Make an exact copy of the records, omitting all images.

◆ ENTRIES SHOWN:
== Segment start ==

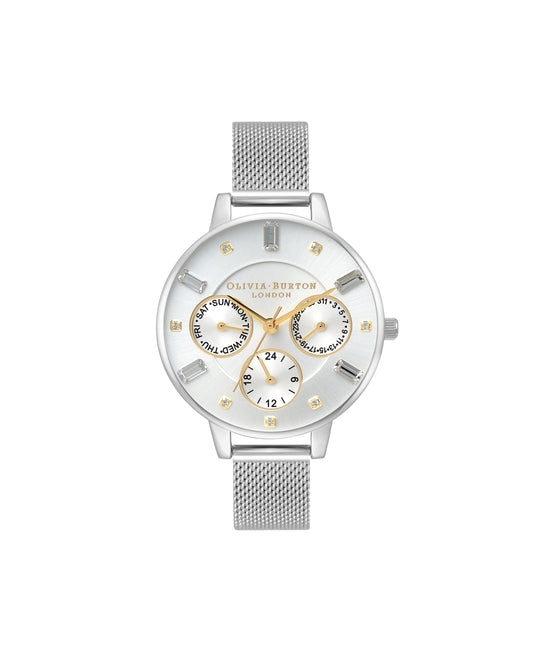 Olivia Burton Silver/White/Stone Watch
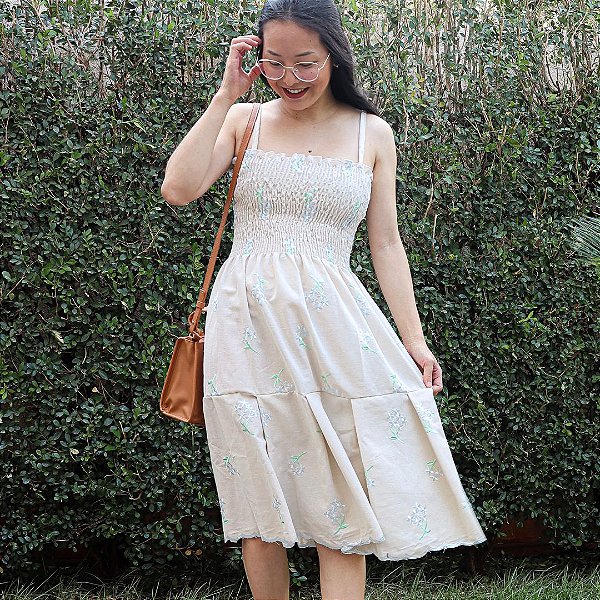 Vestido Aurora Bordado Azul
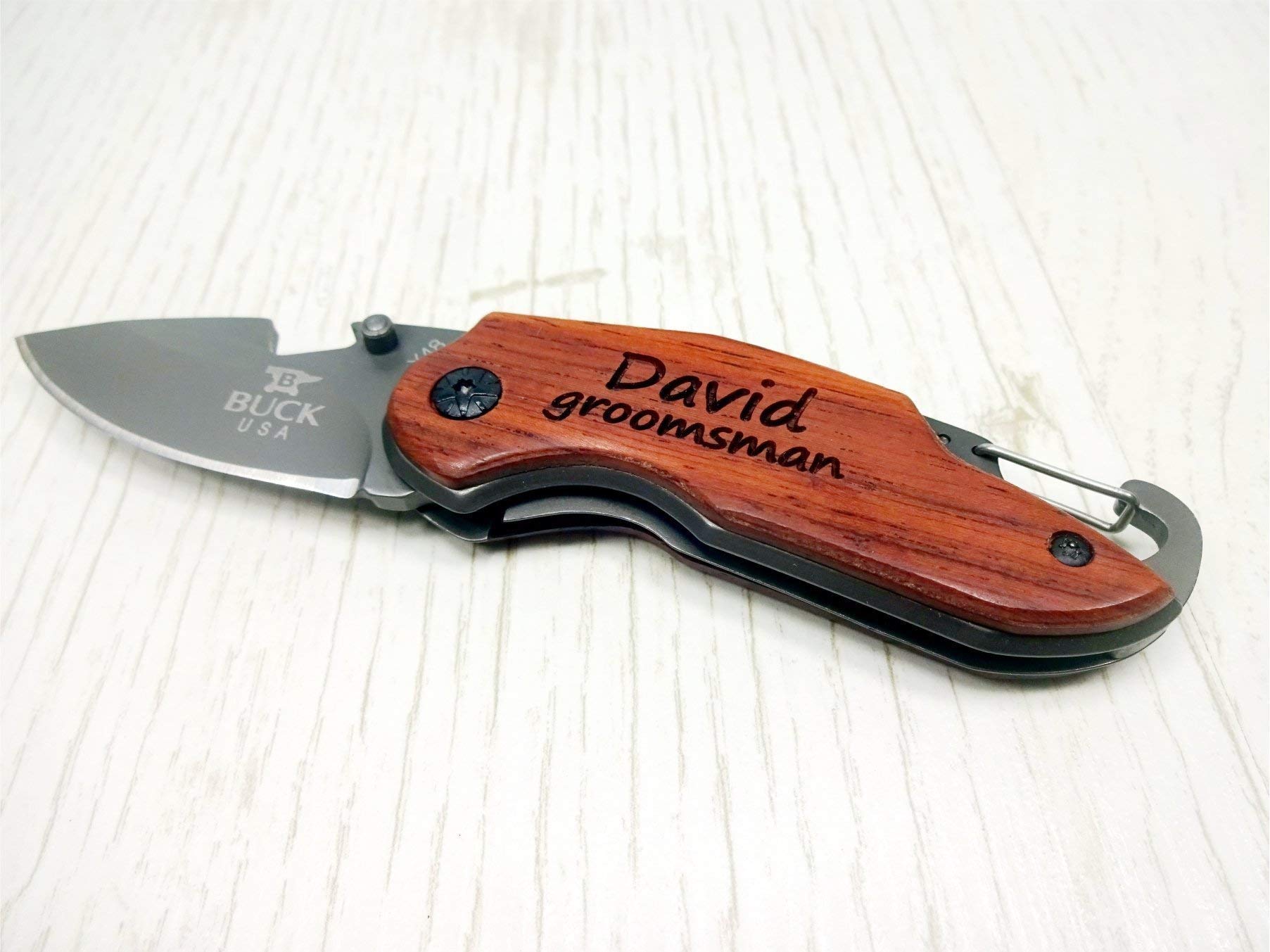 Personalized Pocket Knife Gift for Groomsman, Dad, Husband, Boyfriend - Engraved Custom Knife for Outdoor, Camping & Everyday Carry (EDC)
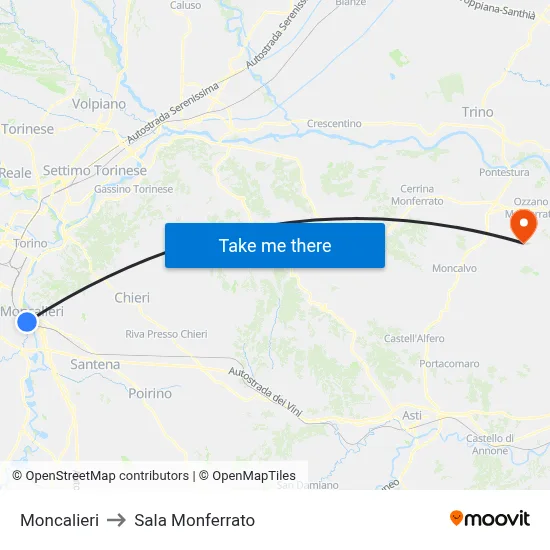 Moncalieri to Sala Monferrato map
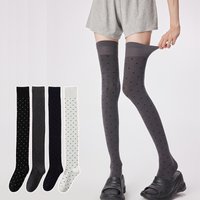 Spring Ladies Polka Dot Knee High Socks Fashionable High Quality Combed Cotton Stockings Suitable For Women's Clothing With Gift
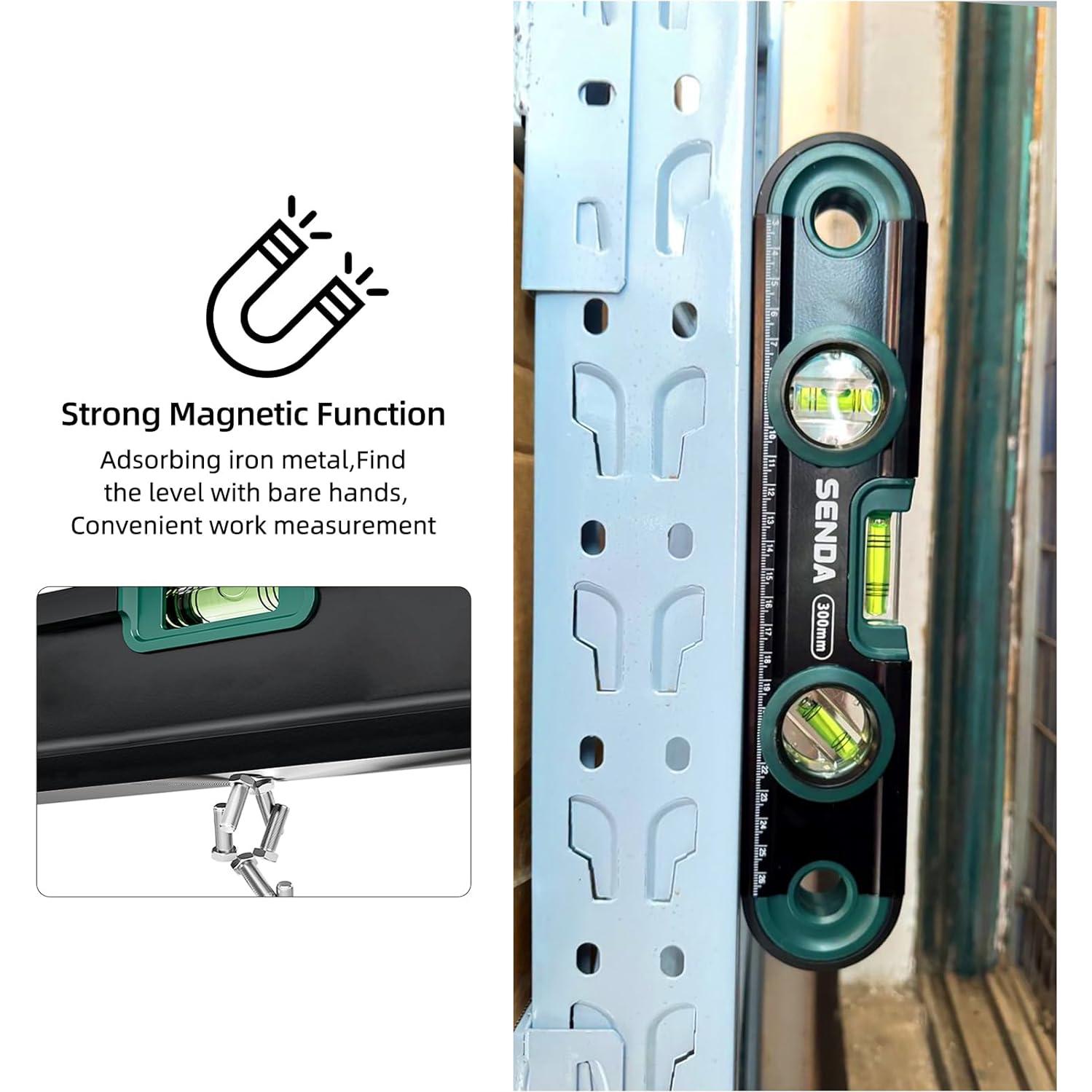 Nivel Torpedo Magnético 30 cm SENDATOOLS con 3 Viales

== Segment end ==

◆ SOLUTION:
 Olivia Burton Silver/White/Stone Watch
 Vestido Aurora Bordado Azul
 Personalized Pocket Knife Gift for Groomsman, Dad, Husband, Boyfriend - Engraved Custom Knife for Outdoor, Camping & Everyday Carry (EDC)
 Moncalieri to Sala Monferrato map
 Spring Ladies Polka Dot Knee High Socks Fashionable High Quality Combed Cotton Stockings Suitable For Women's Clothing With Gift
 Nivel Torpedo Magnético 30 cm SENDATOOLS con 3 Viales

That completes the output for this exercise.